A work meeting today gave me the opportunity to investigate for free the rarefied world of PREMIUM CHOCOLATE. Green and Blacks? Bendicks? Strictly middlebrow. Try Michel Cluizel, whose 1er Premier Crus de Plantations bars go for £3.50 per 100g. Not the kind of thing I’d ever buy but I was curious to taste them.
Naturally as un Anglais sans couth I thought the chocolate would be some kind of rip-off but actually it was really delicious. I sampled the ones from Papua New Guinea and Madagascar. The Madagascar one was initially disappointingly flakey but tasty enough and then had a fantastic aftertaste which moved gradually from mild sweetness to a comforting spicy heat. The PNG bar was sweeter and had a hint of violets but again, terrific aftertaste, this time somewhat cinnamon-y or even, yes, CLOVES-ish. The meeting proved to be a good venue for the chocolate tasting as propriety meant I couldn’t just scoff a load down so I got the chance to savour it.
The consensus was that this stuff won’t catch on in the UK – we like our chocolate milky not bitter, and the premium sector is a bit tiny. But there’s always room for super-premium products for a certain segment of the market, or for valentine’s day gifts, and the Cluizel bars definitely fit the bill. (Of course the question is whether the flavour differences I detected are anything whatsoever to do with the plantations the cocoa beans in each came from.)
sometimes you really do have the best job ever.
the apparent success of Green & Blacks (nowhere 4 years agom blummin’ everywhere now) suggests that the UK’s choc tastes may be shifting slightly at least.
i really liked that one i had in France with the bits of apple in (but then i like any food that you can put bits of apple in. Apple Lucozade doesn’t count because that is clearly not apple in there). Have Toblerone ever tried fruit variants? (perhaps they have and are well known in Yerp).

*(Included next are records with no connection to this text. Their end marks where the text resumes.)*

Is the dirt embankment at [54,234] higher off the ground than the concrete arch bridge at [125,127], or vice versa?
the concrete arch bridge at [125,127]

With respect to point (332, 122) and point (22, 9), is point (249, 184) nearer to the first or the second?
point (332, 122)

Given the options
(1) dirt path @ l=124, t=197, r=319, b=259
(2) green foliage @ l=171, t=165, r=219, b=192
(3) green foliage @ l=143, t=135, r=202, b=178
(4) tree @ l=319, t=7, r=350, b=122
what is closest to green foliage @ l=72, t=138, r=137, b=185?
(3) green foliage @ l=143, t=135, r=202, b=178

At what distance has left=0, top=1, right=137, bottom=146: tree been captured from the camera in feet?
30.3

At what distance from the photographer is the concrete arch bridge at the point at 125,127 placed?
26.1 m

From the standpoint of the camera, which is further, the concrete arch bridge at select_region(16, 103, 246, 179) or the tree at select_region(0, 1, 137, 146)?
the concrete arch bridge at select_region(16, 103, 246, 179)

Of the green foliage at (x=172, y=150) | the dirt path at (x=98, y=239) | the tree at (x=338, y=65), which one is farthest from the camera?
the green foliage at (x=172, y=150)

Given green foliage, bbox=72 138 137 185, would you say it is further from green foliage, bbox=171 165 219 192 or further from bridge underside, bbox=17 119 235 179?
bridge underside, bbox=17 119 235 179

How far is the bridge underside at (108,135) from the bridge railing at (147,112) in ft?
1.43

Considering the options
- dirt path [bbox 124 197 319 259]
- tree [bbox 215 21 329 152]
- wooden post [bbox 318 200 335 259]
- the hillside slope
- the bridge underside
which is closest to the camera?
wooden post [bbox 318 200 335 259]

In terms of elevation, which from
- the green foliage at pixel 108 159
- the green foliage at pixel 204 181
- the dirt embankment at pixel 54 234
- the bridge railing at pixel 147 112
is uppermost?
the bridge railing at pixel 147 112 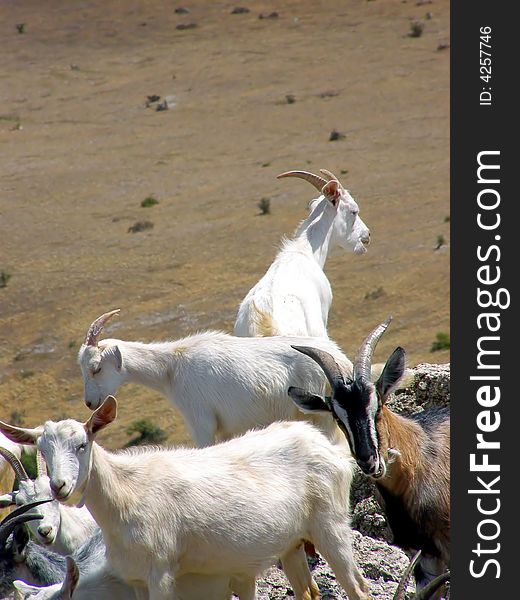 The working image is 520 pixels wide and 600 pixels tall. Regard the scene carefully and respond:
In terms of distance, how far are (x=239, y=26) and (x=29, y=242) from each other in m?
26.3

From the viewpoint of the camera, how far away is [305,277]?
10258 mm

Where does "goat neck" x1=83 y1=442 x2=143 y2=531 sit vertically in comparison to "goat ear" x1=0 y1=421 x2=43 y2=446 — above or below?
below

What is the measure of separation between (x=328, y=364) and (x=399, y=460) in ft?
2.14

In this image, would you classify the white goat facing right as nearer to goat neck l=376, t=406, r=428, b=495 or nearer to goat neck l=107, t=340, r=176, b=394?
goat neck l=376, t=406, r=428, b=495

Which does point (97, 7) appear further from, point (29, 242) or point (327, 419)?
point (327, 419)

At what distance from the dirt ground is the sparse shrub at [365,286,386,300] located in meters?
0.04

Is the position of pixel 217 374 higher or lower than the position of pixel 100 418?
lower

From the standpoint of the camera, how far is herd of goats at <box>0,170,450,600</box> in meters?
6.45

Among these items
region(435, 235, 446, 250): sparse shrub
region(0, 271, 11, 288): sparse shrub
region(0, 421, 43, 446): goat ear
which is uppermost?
region(0, 421, 43, 446): goat ear

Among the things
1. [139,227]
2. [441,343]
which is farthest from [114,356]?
[139,227]


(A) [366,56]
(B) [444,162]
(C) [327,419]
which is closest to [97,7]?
(A) [366,56]

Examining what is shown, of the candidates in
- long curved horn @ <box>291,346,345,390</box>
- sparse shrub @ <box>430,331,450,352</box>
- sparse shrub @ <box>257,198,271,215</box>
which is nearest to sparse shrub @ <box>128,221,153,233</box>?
sparse shrub @ <box>257,198,271,215</box>

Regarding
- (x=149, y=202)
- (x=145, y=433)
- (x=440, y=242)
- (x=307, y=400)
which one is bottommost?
(x=149, y=202)

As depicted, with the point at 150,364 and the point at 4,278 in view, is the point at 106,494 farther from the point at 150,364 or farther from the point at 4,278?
the point at 4,278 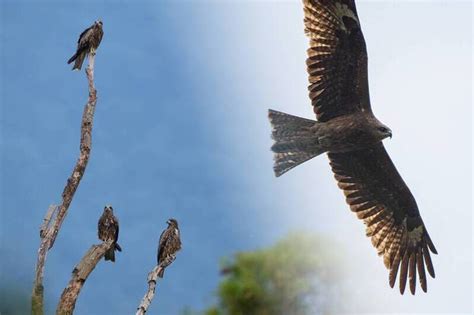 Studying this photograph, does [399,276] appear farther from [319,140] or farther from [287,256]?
[287,256]

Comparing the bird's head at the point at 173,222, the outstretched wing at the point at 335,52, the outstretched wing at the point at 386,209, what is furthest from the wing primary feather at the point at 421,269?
the bird's head at the point at 173,222

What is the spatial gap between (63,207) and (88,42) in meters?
1.61

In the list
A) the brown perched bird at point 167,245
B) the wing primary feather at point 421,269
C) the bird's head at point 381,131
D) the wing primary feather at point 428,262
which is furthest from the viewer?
the wing primary feather at point 428,262

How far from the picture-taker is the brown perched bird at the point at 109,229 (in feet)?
27.0

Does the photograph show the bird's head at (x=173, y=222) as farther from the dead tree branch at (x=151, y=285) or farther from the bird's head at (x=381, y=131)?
the bird's head at (x=381, y=131)

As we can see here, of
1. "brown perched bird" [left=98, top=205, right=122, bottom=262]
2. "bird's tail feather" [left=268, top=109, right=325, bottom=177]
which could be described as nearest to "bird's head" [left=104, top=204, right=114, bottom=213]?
"brown perched bird" [left=98, top=205, right=122, bottom=262]

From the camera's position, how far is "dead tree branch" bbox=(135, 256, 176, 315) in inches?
305

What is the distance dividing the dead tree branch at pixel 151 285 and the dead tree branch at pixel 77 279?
1.48 feet

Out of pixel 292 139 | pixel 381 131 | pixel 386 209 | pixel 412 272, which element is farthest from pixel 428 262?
pixel 292 139

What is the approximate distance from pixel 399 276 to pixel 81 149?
15.5 feet

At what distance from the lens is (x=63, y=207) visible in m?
8.28

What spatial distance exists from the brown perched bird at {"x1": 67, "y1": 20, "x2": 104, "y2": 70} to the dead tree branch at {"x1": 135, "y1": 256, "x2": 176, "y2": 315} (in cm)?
213

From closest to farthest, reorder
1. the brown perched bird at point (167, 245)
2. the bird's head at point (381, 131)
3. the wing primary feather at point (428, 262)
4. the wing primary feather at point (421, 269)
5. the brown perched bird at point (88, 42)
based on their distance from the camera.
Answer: the brown perched bird at point (167, 245)
the brown perched bird at point (88, 42)
the bird's head at point (381, 131)
the wing primary feather at point (421, 269)
the wing primary feather at point (428, 262)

I failed to get my paws on the tantalising (and also expensive at £2.59/bar) “SPICY BAR” though apparently it wasn’t very spicy.
G&Bs apparently have wide distribution but are still very niche in terms of sales.
my mother’s mother loved BENDINCKS BITTERMINTS
Anyone who fancies this kind of thing should check out the chocolate tasting sessions at L’artisan du Chocolat on Sloane Street. It’s kind of pricy but you get a whole heap of exquisite single-origin chocolate and a lot of food-industry gossip and bitchiness to boot.